I Built a Mental Checklist for Amazon Image Compliance — Use It Before You Upload

2026/03/25

Fifteen image rejections in my first three months on Amazon. Each one meant a suppressed listing, lost sales while I fixed the issue, and the anxiety of wondering what I did wrong.

The frustrating part: Amazon's rejection messages are vague. "Main image does not meet requirements." Which requirement? The background? The fill? The text? The props? You're left guessing.

After 15 rejections and a lot of trial and error, I developed a pre-upload checklist that catches every compliance issue before Amazon's automated checker does.
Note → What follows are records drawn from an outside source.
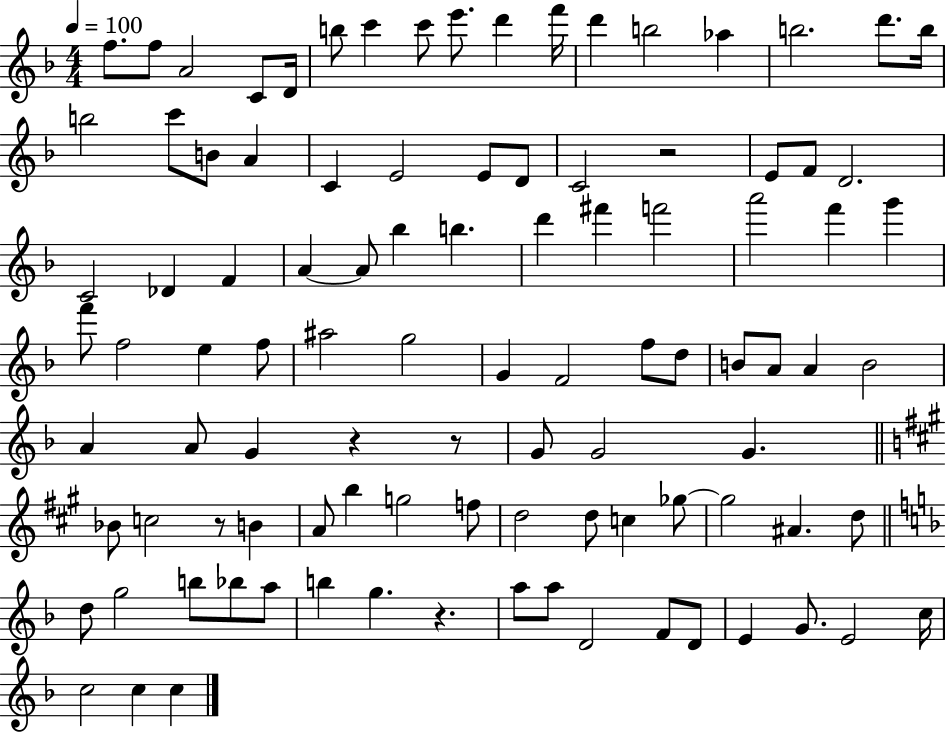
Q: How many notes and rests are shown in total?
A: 100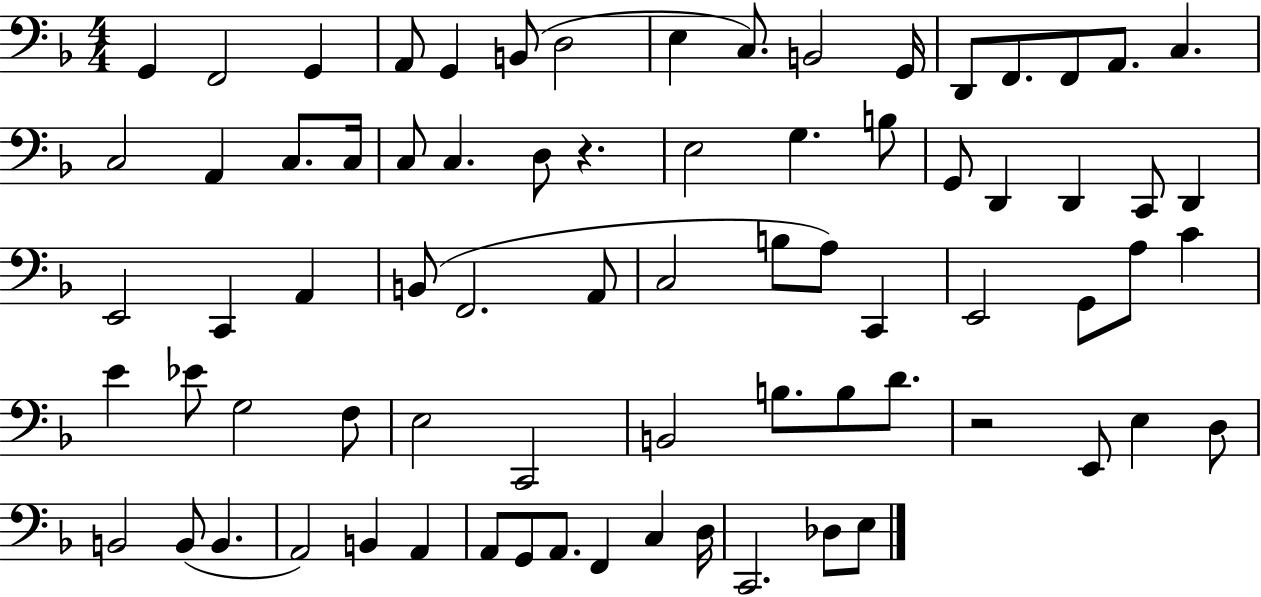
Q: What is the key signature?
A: F major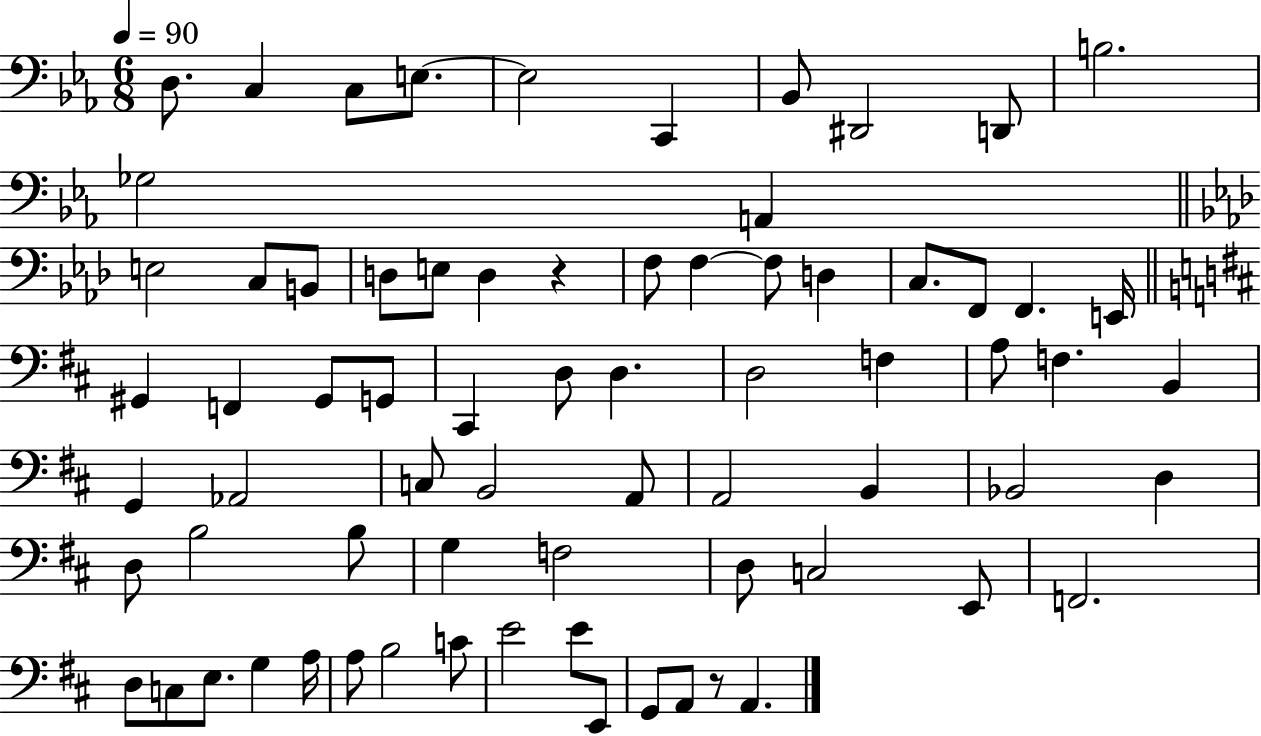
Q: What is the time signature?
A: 6/8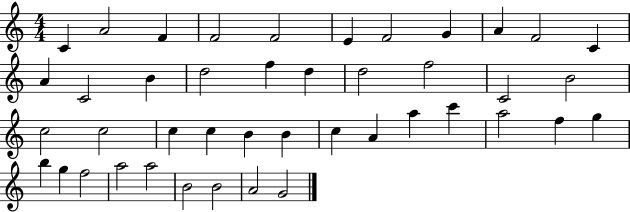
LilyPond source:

{
  \clef treble
  \numericTimeSignature
  \time 4/4
  \key c \major
  c'4 a'2 f'4 | f'2 f'2 | e'4 f'2 g'4 | a'4 f'2 c'4 | \break a'4 c'2 b'4 | d''2 f''4 d''4 | d''2 f''2 | c'2 b'2 | \break c''2 c''2 | c''4 c''4 b'4 b'4 | c''4 a'4 a''4 c'''4 | a''2 f''4 g''4 | \break b''4 g''4 f''2 | a''2 a''2 | b'2 b'2 | a'2 g'2 | \break \bar "|."
}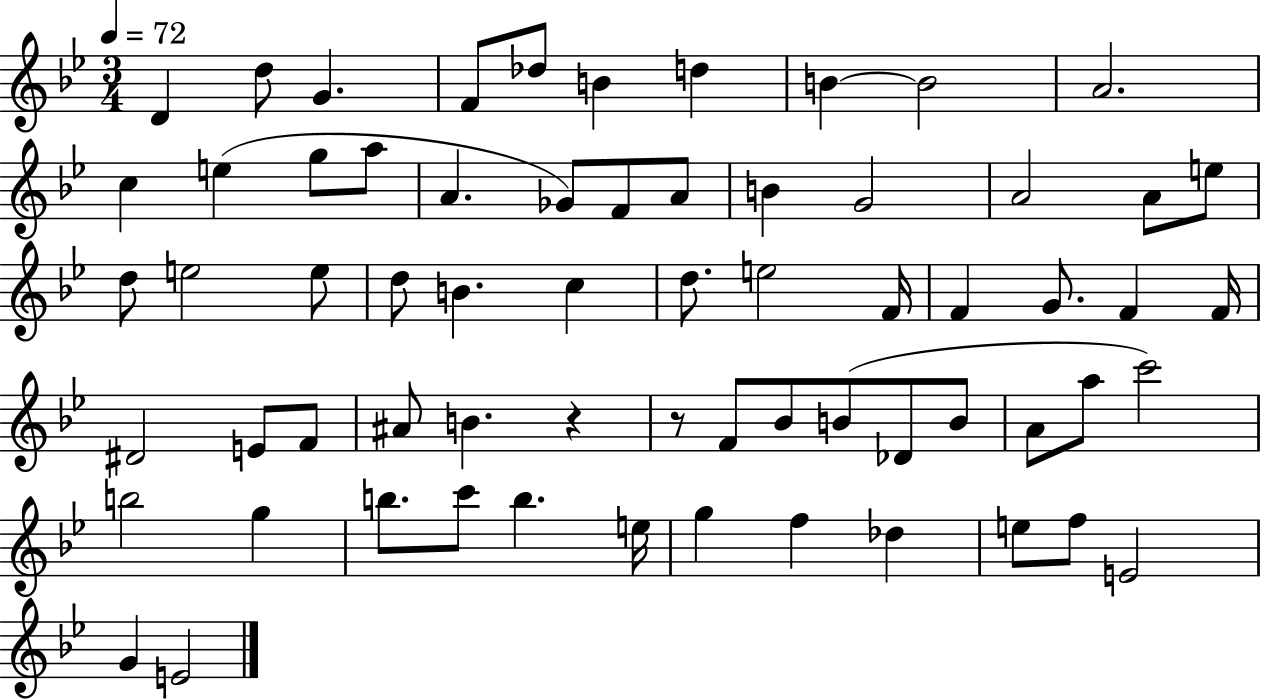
{
  \clef treble
  \numericTimeSignature
  \time 3/4
  \key bes \major
  \tempo 4 = 72
  \repeat volta 2 { d'4 d''8 g'4. | f'8 des''8 b'4 d''4 | b'4~~ b'2 | a'2. | \break c''4 e''4( g''8 a''8 | a'4. ges'8) f'8 a'8 | b'4 g'2 | a'2 a'8 e''8 | \break d''8 e''2 e''8 | d''8 b'4. c''4 | d''8. e''2 f'16 | f'4 g'8. f'4 f'16 | \break dis'2 e'8 f'8 | ais'8 b'4. r4 | r8 f'8 bes'8 b'8( des'8 b'8 | a'8 a''8 c'''2) | \break b''2 g''4 | b''8. c'''8 b''4. e''16 | g''4 f''4 des''4 | e''8 f''8 e'2 | \break g'4 e'2 | } \bar "|."
}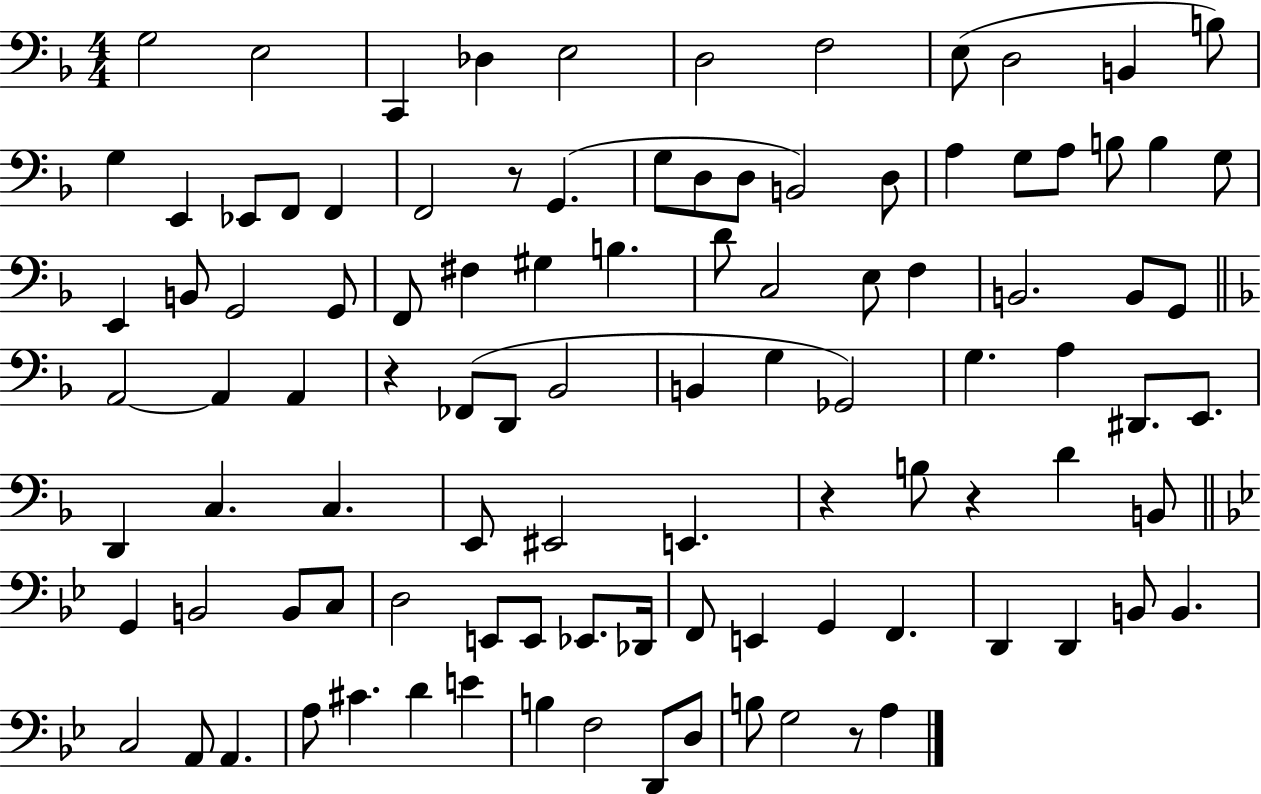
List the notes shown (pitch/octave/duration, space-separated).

G3/h E3/h C2/q Db3/q E3/h D3/h F3/h E3/e D3/h B2/q B3/e G3/q E2/q Eb2/e F2/e F2/q F2/h R/e G2/q. G3/e D3/e D3/e B2/h D3/e A3/q G3/e A3/e B3/e B3/q G3/e E2/q B2/e G2/h G2/e F2/e F#3/q G#3/q B3/q. D4/e C3/h E3/e F3/q B2/h. B2/e G2/e A2/h A2/q A2/q R/q FES2/e D2/e Bb2/h B2/q G3/q Gb2/h G3/q. A3/q D#2/e. E2/e. D2/q C3/q. C3/q. E2/e EIS2/h E2/q. R/q B3/e R/q D4/q B2/e G2/q B2/h B2/e C3/e D3/h E2/e E2/e Eb2/e. Db2/s F2/e E2/q G2/q F2/q. D2/q D2/q B2/e B2/q. C3/h A2/e A2/q. A3/e C#4/q. D4/q E4/q B3/q F3/h D2/e D3/e B3/e G3/h R/e A3/q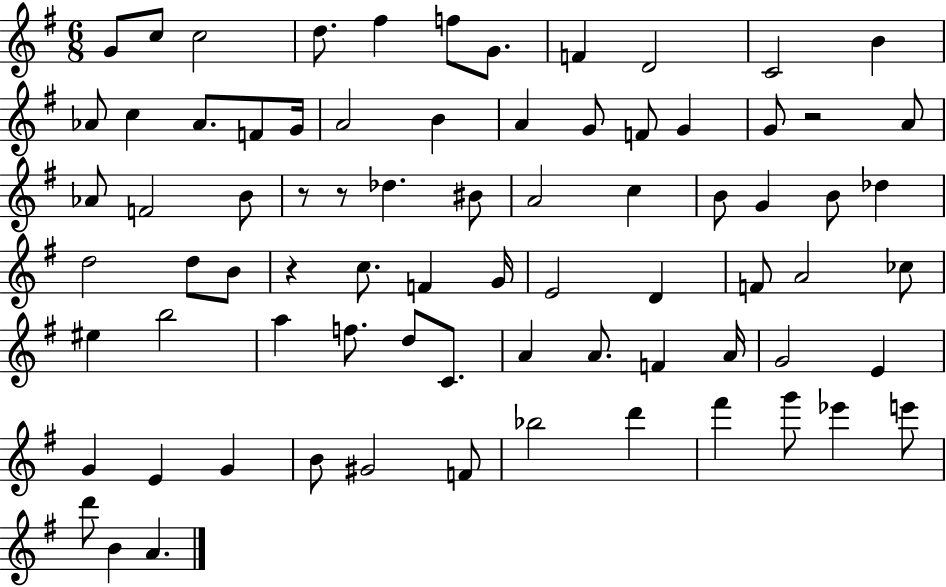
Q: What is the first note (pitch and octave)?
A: G4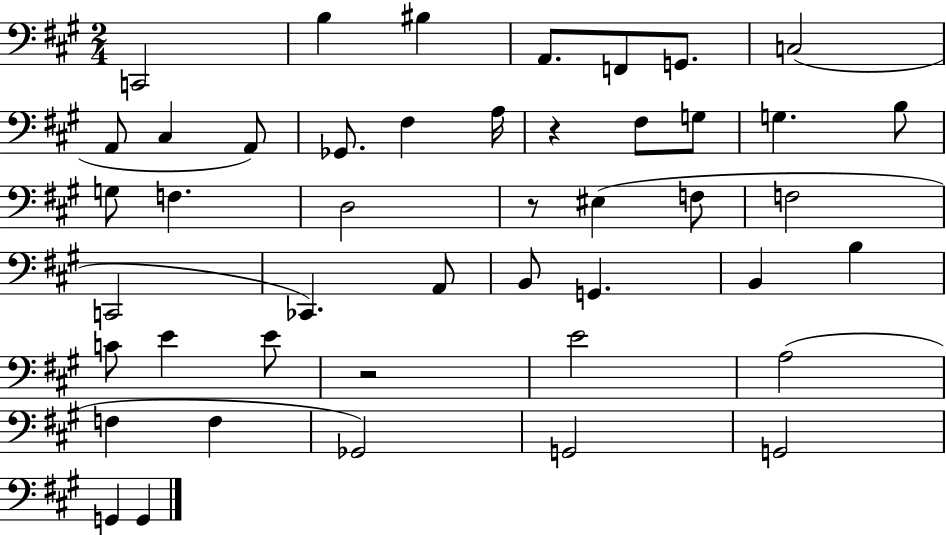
X:1
T:Untitled
M:2/4
L:1/4
K:A
C,,2 B, ^B, A,,/2 F,,/2 G,,/2 C,2 A,,/2 ^C, A,,/2 _G,,/2 ^F, A,/4 z ^F,/2 G,/2 G, B,/2 G,/2 F, D,2 z/2 ^E, F,/2 F,2 C,,2 _C,, A,,/2 B,,/2 G,, B,, B, C/2 E E/2 z2 E2 A,2 F, F, _G,,2 G,,2 G,,2 G,, G,,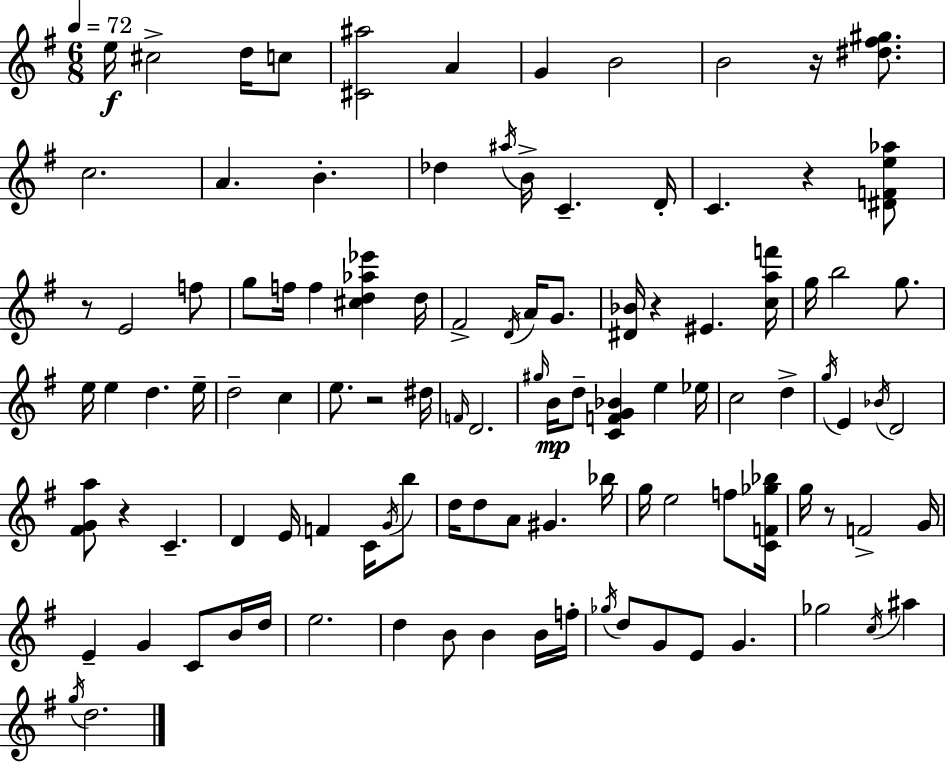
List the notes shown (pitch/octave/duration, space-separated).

E5/s C#5/h D5/s C5/e [C#4,A#5]/h A4/q G4/q B4/h B4/h R/s [D#5,F#5,G#5]/e. C5/h. A4/q. B4/q. Db5/q A#5/s B4/s C4/q. D4/s C4/q. R/q [D#4,F4,E5,Ab5]/e R/e E4/h F5/e G5/e F5/s F5/q [C#5,D5,Ab5,Eb6]/q D5/s F#4/h D4/s A4/s G4/e. [D#4,Bb4]/s R/q EIS4/q. [C5,A5,F6]/s G5/s B5/h G5/e. E5/s E5/q D5/q. E5/s D5/h C5/q E5/e. R/h D#5/s F4/s D4/h. G#5/s B4/s D5/e [C4,F4,G4,Bb4]/q E5/q Eb5/s C5/h D5/q G5/s E4/q Bb4/s D4/h [F#4,G4,A5]/e R/q C4/q. D4/q E4/s F4/q C4/s G4/s B5/e D5/s D5/e A4/e G#4/q. Bb5/s G5/s E5/h F5/e [C4,F4,Gb5,Bb5]/s G5/s R/e F4/h G4/s E4/q G4/q C4/e B4/s D5/s E5/h. D5/q B4/e B4/q B4/s F5/s Gb5/s D5/e G4/e E4/e G4/q. Gb5/h C5/s A#5/q G5/s D5/h.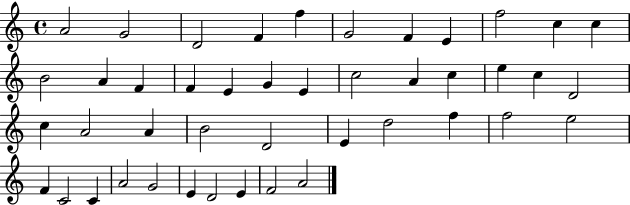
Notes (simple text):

A4/h G4/h D4/h F4/q F5/q G4/h F4/q E4/q F5/h C5/q C5/q B4/h A4/q F4/q F4/q E4/q G4/q E4/q C5/h A4/q C5/q E5/q C5/q D4/h C5/q A4/h A4/q B4/h D4/h E4/q D5/h F5/q F5/h E5/h F4/q C4/h C4/q A4/h G4/h E4/q D4/h E4/q F4/h A4/h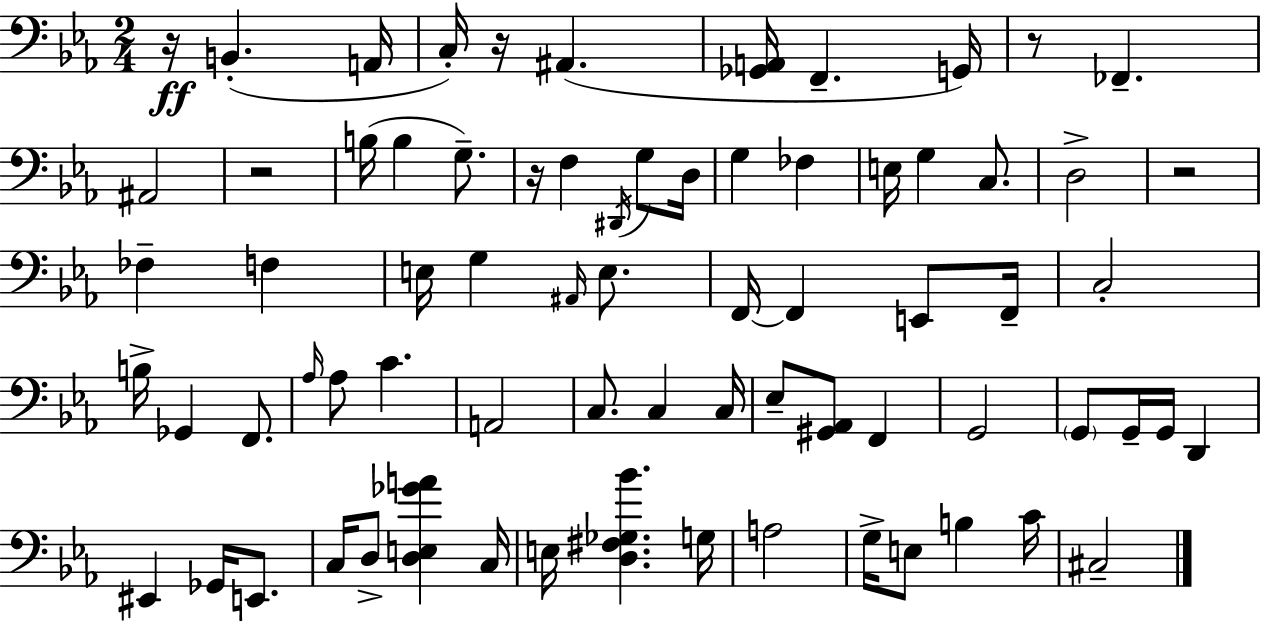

I haven't had a rejection in six months.

The Pre-Upload Checklist

Main Image (MAIN)

  • [ ] Background is pure white. Not off-white, not light gray. RGB 255,255,255. Check with an eyedropper tool or use AI background removal that guarantees pure white.
  • [ ] Product fills 85%+ of the frame. Measure it: the product should occupy at least 85% of the image area. When in doubt, crop tighter.
  • [ ] No text anywhere. No brand name overlay, no feature callouts, no "NEW!" badge. The only text allowed is text that's physically on the product (like a label).
  • [ ] No logos or watermarks. Not even your own brand logo as an overlay.
  • [ ] No borders or frames. No colored borders, no rounded corners, no decorative frames.
  • [ ] No props. Nothing in the image except the product itself. No hands, no surfaces, no accessories (unless included in the purchase).
  • [ ] Product is the actual product. No illustrations, no 3D renders, no placeholder images.
  • [ ] Resolution is 1600px+ on the longest side. This enables zoom. Technically 1000px is the minimum, but without zoom your listing is handicapped.
  • [ ] Image is sharp. Zoom to 200% and check. If it's blurry at 200%, it might get flagged.
  • [ ] Color space is sRGB. Check in your image editor's export settings.
  • [ ] File is JPEG or PNG. JPEG is preferred for smaller file size.

Secondary Images (PT01-PT08)

  • [ ] Same resolution as main image. Consistency matters.
  • [ ] No offensive content. Obviously.
  • [ ] Text is readable. If you have infographic text, make sure it's legible at mobile viewing size.
  • [ ] Lifestyle images are appropriate. No misleading scenarios, no inappropriate settings.

All Images

  • [ ] File size under 10MB. Amazon's limit. Keep it under 5MB for faster loading.
  • [ ] Correct aspect ratio. 1:1 (square) is standard. Non-square images get cropped.
  • [ ] No duplicate images. Each image should show something different.

The Most Common Rejection Reasons (And How to Fix Them)

"Background is not white"

The problem: Your background is close to white but not exactly 255,255,255. This is the #1 rejection reason.

The fix: Use AI background removal. Tools like pic1.ai output mathematically pure white backgrounds. If you're doing it manually, paint the background white in Photoshop and verify with the eyedropper tool.

Pro tip: Check multiple points on the background, especially corners and edges. Sometimes the center is white but the edges are slightly gray due to lighting falloff.

"Image contains text or graphics"

The problem: You have text overlays, badges, or graphics on your main image.

The fix: Remove all overlays from the main image. Save them for secondary images (PT01-PT08) where text is allowed.

Gotcha: Amazon sometimes flags text that's physically printed on the product (like a brand name on a label). If this happens, appeal — text that's part of the product is allowed.

"Product does not fill enough of the image"

The problem: Too much white space around the product.

The fix: Crop tighter or resize the product within the image. Aim for 85-90% fill.

"Image quality is too low"

The problem: Blurry, pixelated, or noisy image.

The fix: Re-shoot at higher resolution with better lighting. If the source image is good but the upload is blurry, check that you're not accidentally compressing the image during export.

The Appeal Process

If you believe your image is compliant but it got rejected:

  1. Go to Seller Central → Performance → Account Health
  2. Find the suppressed ASIN
  3. Click "Edit" and re-upload the same image (sometimes the automated checker gives different results on re-upload)
  4. If re-upload doesn't work, submit a case to Seller Support explaining why the image meets requirements

In my experience, about 30% of rejections are false positives that resolve on re-upload. The automated checker isn't perfect.

My Zero-Rejection Workflow

  1. Shoot at maximum resolution (48MP)
  2. Process through pic1.ai with Amazon preset (guarantees white background, proper fill, correct size)
  3. Run through the checklist above
  4. Check on my phone (mobile preview)
  5. Upload

The checklist adds about 2 minutes per product. The time saved from zero rejections (no re-shooting, no re-uploading, no lost sales from suppressed listings) is worth hours per month.